After learning about YCombinator almost a month ago I ended up applying for my project that I've been working on. As I've read more and more though I know I face an uphill battle. A) I'm not a programmer so I'm trying to work with a company. B) I'm founding my project solo.<p>Truth is I have an economics and finance background. I am absolutely fascinated with the possibilities of the internet over the past few years and have see the proverbial "light" or I keep leaving my MAC on at night. I'm considering going back to school for a postbac in computer science. Should I go this route or are there other alternatives? At the moment I have an enormous amount of student loan debt and I am nervous about adding to what seems like an already insurmountable amount but I believe I can be successful in this field. But do I need another degree to be so?
======
gexla
A common theme here is that computer science doesn't teach you to be a
programmer. You learn to be a programmer through practice and experience.
Also, learning a scripting language for web development is relatively easy.
Rather than spend time in class, take some time to go to a coding cave and
learn the basics of one of the popular scripting languages. Take some time to
practice every day. Build some applications. Read Hacker News to see what
people have answered for similar questions.
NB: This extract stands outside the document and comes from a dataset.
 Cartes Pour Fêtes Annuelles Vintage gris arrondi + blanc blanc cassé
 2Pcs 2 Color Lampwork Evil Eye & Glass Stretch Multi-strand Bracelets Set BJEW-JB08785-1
Personally, I'm not sure this is the best route to go. Bootstrapping by
learning web development is fine, but keep in mind there are still more roles
that you may not be able to fill. For example, people who spend most of their
days writing code generally aren't great designers. Designers who can make
things pretty may not be the best user interface people. A great development
team still needs people who can make sales and know how to run a business
well. So, you could spend a lot of time learning to be a coder and still have
big gaps to fill depending on what you are building.

------
ch00ey
If you're thinking of going back to school strictly just to learn how to
program in a "structured" way that you do in school, I would suggest checking
out the free courses that MIT offers online.
([http://ocw.mit.edu/courses/#electrical-engineering-and-
compu...](http://ocw.mit.edu/courses/#electrical-engineering-and-computer-
science))

And it will give you a taste if learning programming in a school like
environment is right for you.

Good luck!

------
triviatise
You can be up and running in just a few days to weeks if you just start doing
it on your own. You dont need to go to school. There are some fundamentals of
computer science that would definitely be useful like basic algorithms and
data structures that may take longer to learn but are still doable. Taking a
single language course at a community college might not be a bad way to start
though.

------
joss82
You don't need no formal education, in my humble opinion.

Instead, practise, practise, practise.

One good starting point:
<http://docs.djangoproject.com/en/1.3/intro/tutorial01/>